This code retrieves and processes training and testing data from BigQuery. The Beam pipeline starts by reading the data and preparing it by extracting relevant fields. It consolidates measures by calculating time differences from the initial timestamp and organizes the data into a structured format (measures are groouped by "time" so we are not repeating redundant data). Finally, the processed data is formatted into CSV files and written to Google Cloud Storage.

## RNN Model

Using dask and modin.pandas we loaded the csvs from the bucket, analysed and preprocessed them into data compatible with the RNN model. Since we are using a RNN model, we know that all the entries need to have the same size. Let's look into that:

In [3]:
# Constants
BUCKET_NAME = 'events_trabalho_cdle'
TRAINING_FILE = 'training.csv'
TESTING_FILE = 'testing.csv'

# Check if file exists in the bucket
def check_file_exists(bucket_name, file):
    fs = gcsfs.GCSFileSystem()
    file_path = f'gs://{bucket_name}/{file}'
    if fs.exists(file_path):
        print(f"The file {file_path} exists.")
        return True
    else:
        print(f"The file {file_path} does not exist.")
        return False
    
check_file_exists(BUCKET_NAME, TRAINING_FILE)
check_file_exists(BUCKET_NAME, TESTING_FILE)

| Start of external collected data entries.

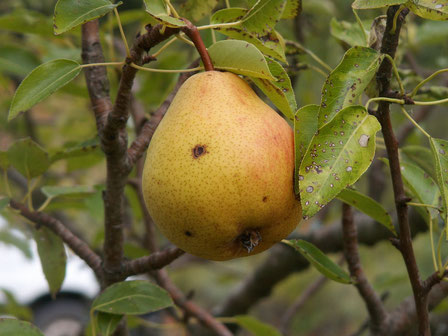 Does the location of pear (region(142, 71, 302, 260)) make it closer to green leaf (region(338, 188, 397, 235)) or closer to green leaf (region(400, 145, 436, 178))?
green leaf (region(338, 188, 397, 235))

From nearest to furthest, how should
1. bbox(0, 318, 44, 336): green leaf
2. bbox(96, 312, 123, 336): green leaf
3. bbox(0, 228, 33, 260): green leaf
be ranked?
bbox(0, 318, 44, 336): green leaf, bbox(96, 312, 123, 336): green leaf, bbox(0, 228, 33, 260): green leaf

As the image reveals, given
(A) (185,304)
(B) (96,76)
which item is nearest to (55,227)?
(B) (96,76)

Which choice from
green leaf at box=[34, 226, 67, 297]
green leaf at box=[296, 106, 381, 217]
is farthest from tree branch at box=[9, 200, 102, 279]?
green leaf at box=[296, 106, 381, 217]

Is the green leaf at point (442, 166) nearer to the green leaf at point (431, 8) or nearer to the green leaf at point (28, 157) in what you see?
the green leaf at point (431, 8)

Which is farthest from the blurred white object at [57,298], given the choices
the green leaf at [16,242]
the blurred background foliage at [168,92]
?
the green leaf at [16,242]

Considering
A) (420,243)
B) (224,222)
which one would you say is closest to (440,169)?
(224,222) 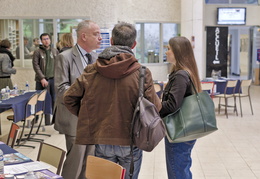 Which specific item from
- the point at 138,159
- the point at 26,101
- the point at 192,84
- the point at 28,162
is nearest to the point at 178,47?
the point at 192,84

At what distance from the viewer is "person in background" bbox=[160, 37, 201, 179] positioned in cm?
373

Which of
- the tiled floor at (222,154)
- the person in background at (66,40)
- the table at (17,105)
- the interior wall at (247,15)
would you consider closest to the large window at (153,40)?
the interior wall at (247,15)

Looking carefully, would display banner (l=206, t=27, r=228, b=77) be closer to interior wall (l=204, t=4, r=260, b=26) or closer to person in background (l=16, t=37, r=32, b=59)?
interior wall (l=204, t=4, r=260, b=26)

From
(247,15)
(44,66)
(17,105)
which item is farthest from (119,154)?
(247,15)

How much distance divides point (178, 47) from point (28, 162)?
1.49 metres

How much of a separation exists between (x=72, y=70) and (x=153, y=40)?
12.4m

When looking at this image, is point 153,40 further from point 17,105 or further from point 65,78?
point 65,78

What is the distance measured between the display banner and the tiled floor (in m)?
6.21

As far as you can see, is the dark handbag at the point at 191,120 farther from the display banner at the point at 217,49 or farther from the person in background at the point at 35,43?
the display banner at the point at 217,49

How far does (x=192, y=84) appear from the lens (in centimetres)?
380

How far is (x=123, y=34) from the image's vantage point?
3123mm

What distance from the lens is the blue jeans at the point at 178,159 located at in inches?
151

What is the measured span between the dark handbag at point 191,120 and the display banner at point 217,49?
488 inches

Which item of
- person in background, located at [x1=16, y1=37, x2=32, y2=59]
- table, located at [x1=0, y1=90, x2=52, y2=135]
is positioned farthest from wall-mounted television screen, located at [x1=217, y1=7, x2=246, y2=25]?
table, located at [x1=0, y1=90, x2=52, y2=135] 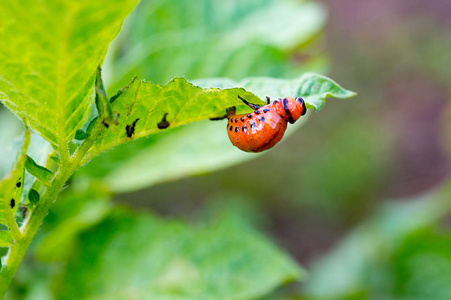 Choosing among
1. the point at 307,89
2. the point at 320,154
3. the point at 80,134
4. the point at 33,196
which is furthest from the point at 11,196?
the point at 320,154

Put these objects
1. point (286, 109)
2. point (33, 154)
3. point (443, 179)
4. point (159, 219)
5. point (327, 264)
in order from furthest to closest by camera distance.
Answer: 1. point (443, 179)
2. point (327, 264)
3. point (159, 219)
4. point (286, 109)
5. point (33, 154)

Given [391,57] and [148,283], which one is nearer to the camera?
[148,283]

# Load CSV files into Dask DataFrames
ddf_train = dd.read_csv(f'gs://{BUCKET_NAME}/{TRAINING_FILE}', storage_options={'anon': True})
ddf_test = dd.read_csv(f'gs://{BUCKET_NAME}/{TESTING_FILE}', storage_options={'anon': True})
print("CSVs loaded!")

# Function to find the sequence lengths
def get_sequence_lengths(df, sequence_column):
    def calculate_length(padded_sequence):
        try:
            # Convert the string representation of the list to an actual list
            sequence_list = ast.literal_eval(padded_sequence)
            # Calculate the length of the sequence, which is the number of sublists
            return len(sequence_list)
        except (SyntaxError, ValueError):
            return 0

    lengths = df[sequence_column].map(calculate_length, meta=('x', 'i8')).compute()
    return lengths

# Get sequence lengths for training and testing data
seq_lengths_train = get_sequence_lengths(ddf_train, 'Padded_Sequence')
seq_lengths_test = get_sequence_lengths(ddf_test, 'Padded_Sequence')

# Calculate statistics
max_seq_length = max(seq_lengths_train.max(), seq_lengths_test.max())
min_seq_length = min(seq_lengths_train.min(), seq_lengths_test.min())
mean_seq_length = (seq_lengths_train.sum() + seq_lengths_test.sum()) / (len(seq_lengths_train) + len(seq_lengths_test))
median_seq_length = (seq_lengths_train.median() + seq_lengths_test.median()) / 2

print(f'Maximum sequence length: {max_seq_length}')
print(f'Minimum sequence length: {min_seq_length}')
print(f'Mean sequence length: {mean_seq_length}')
print(f'Median sequence length: {median_seq_length}')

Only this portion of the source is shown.